Work required - Some entries follow. Reproduce exactly the lines starting at the one with "6 Tapas de Lápiz" and stopping after the one with "Boule à facettes".

Entries shown -
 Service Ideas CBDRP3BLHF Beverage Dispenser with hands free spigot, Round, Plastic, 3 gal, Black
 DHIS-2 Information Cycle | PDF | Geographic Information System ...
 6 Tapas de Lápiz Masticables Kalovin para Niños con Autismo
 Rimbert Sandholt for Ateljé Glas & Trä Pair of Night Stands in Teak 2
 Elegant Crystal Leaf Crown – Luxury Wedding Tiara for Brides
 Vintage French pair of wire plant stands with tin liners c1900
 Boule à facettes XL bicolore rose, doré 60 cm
...
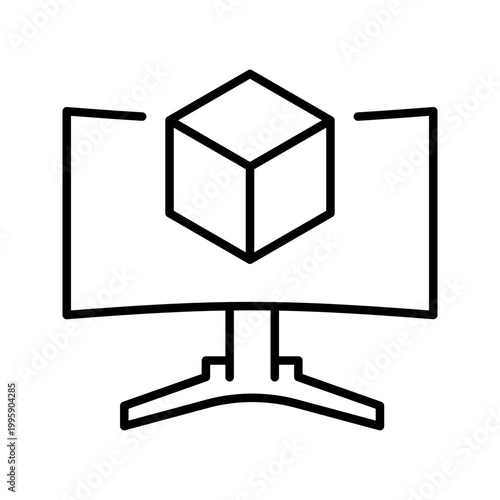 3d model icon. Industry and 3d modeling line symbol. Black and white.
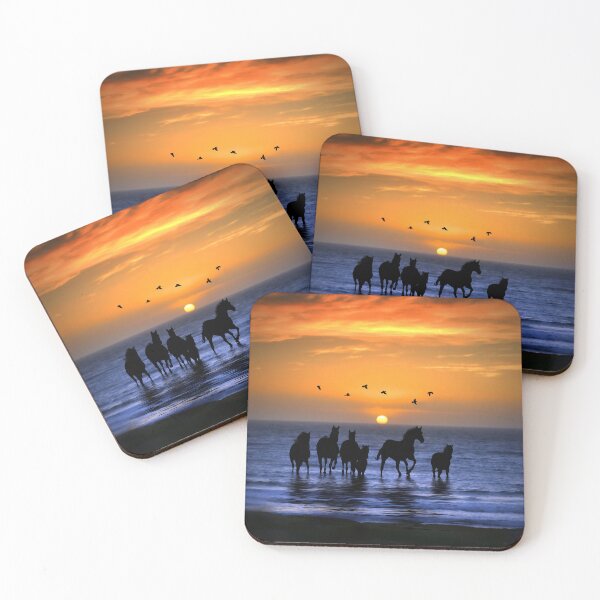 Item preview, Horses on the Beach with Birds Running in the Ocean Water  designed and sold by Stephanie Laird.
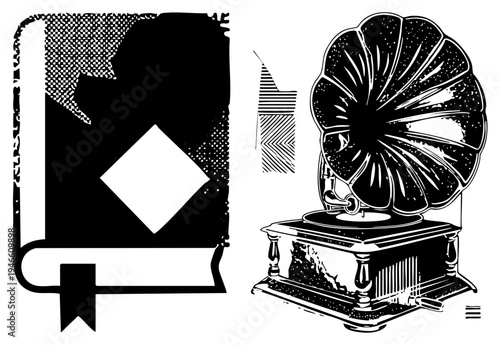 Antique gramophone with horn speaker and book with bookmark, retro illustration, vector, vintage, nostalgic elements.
---
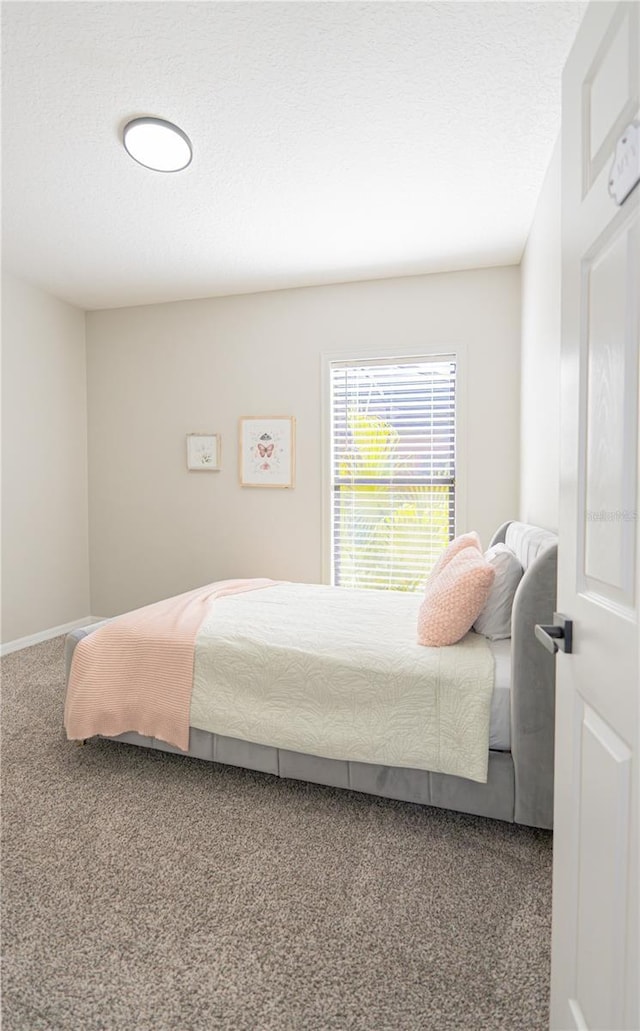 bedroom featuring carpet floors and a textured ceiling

Written response -
 6 Tapas de Lápiz Masticables Kalovin para Niños con Autismo
 Rimbert Sandholt for Ateljé Glas & Trä Pair of Night Stands in Teak 2
 Elegant Crystal Leaf Crown – Luxury Wedding Tiara for Brides
 Vintage French pair of wire plant stands with tin liners c1900
 Boule à facettes XL bicolore rose, doré 60 cm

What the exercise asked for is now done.